The object rendering unit 1330 may render the object audio signals
to the 11.1 channel by using the trajectory information and may
output object audio signals, rendered to the 11.1 channel, to the
mixing unit 1340. The mixing unit 1340 may mix the 11.1-channel
channel audio signal with the object audio signals rendered to the
11.1 channel to generate 11.1-channel audio signals and may output
the generated 11.1-channel audio signals to the virtual audio
rendering unit 1350. As described above with reference to FIGS. 2
to 12, the virtual audio rendering unit 1350 may generate a
plurality of virtual audio signals by using audio signals
respectively having four channels (for example, the top front left
channel, the top front right channel, the top surround left
channel, and the top surround right channel) giving different
senses of elevation among the 11.1-channel audio signals and may
mix the generated plurality of virtual audio signals with the other
channels to output a 7.1-channel audio signal.
[0100] However, as described above, in a case in which a virtual
audio signal is generated by uniformly processing the audio signals
having the four channels giving different senses of elevation among
the 11.1-channel audio signals, when an audio signal that has a
wideband, like applause or the sound of rain, has no inter-channel
cross correlation (ICC) (i.e., has a low correlation), and has
impulsive characteristic is rendered to a virtual audio signal, a
quality of audio is deteriorated. Because a quality of audio is
more severely deteriorated when generating a virtual audio signal,
a rendering operation of generating a virtual audio signal may be
performed through down-mixing based on tone color without being
performed for an audio signal having impulsive characteristic,
thereby providing better sound quality.
[0101] According to an exemplary embodiment, the rendering kind of
an audio signal is determined based on rendering information of the
audio signal will be described with reference to FIGS. 14 to
16.
[0102] FIG. 14 is a diagram illustrating a method in which an audio
apparatus performs different rendering methods on a 11.1-channel
audio signal according to rendering information of an audio signal
to generate a 7.1-channel audio signal, according to one or more
exemplary embodiments.
[0103] An encoder 1410 may receive and encode a 11.1-channel
channel audio signal, a plurality of object audio signals,
trajectory information corresponding to the plurality of object
audio signals, and rendering information of an audio signal.
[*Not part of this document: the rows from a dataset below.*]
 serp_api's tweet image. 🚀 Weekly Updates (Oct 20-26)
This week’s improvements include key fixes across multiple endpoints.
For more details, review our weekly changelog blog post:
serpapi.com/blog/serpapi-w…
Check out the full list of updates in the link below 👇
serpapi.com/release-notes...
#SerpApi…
The
rendering information of the audio signal may denote the kind of
the audio signal and may include at least one of information about
whether an input audio signal is an audio signal having impulsive
characteristic, information about whether the input audio signal is
an audio signal having a wideband, and information about whether
the input audio signal is low in ICC. Also, the rendering
information of the audio signal may include information about a
method of rendering an audio signal. That is, the rendering
information of the audio signal may include information about which
of a timbral rendering method and a spatial rendering method the
audio signal is rendered by.
[0104] A decoder 1420 may decode an audio signal obtained through
the encoding to output the 11.1-channel channel audio signal and
the rendering information of the audio signal to a mixing unit 1440
and output the plurality of object audio signals, the trajectory
information corresponding thereto, and the rendering information of
the audio signal to the mixing unit 1440.
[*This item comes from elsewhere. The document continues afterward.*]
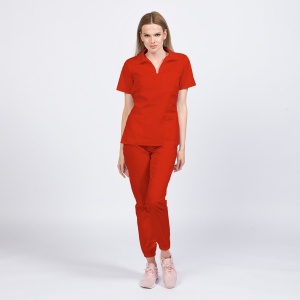 Uniforma medicala TREND cu pantaloni jogger pentru femei-Rosu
[0105] An object rendering unit 1430 may generate a 11.1-channel
object audio signal by using the plurality of object audio signals
input thereto and the trajectory information corresponding thereto
and may output the generated 11.1-channel object audio signal to
the mixing unit 1440.
[0106] A first mixing unit 1440 may mix the 11.1-channel channel
audio signal input thereto with the 11.1-channel object audio
signal to generate 11.1-channel audio signals. Also, the first
mixing unit 1440 may include a rendering unit that renders the
11.1-channel audio signals generated from the rendering information
of the audio signal. The first mixing unit 1440 may determine
whether the audio signal is an audio signal having impulsive
characteristic, whether the audio signal is an audio signal having
a wideband, and whether the audio signal is low in ICC, based on
the rendering information of the audio signal. When the audio
signal is the audio signal having impulsive characteristic, the
audio signal is the audio signal having a wideband, or the audio
signal is low in ICC, the first mixing unit 1440 may output the
11.1-channel audio signals to the first rendering unit 1450. On the
other hand, when the audio signal does not have the above-described
characteristics, the first mixing unit 1440 may output the
11.1-channel audio signals to a second rendering unit 1460.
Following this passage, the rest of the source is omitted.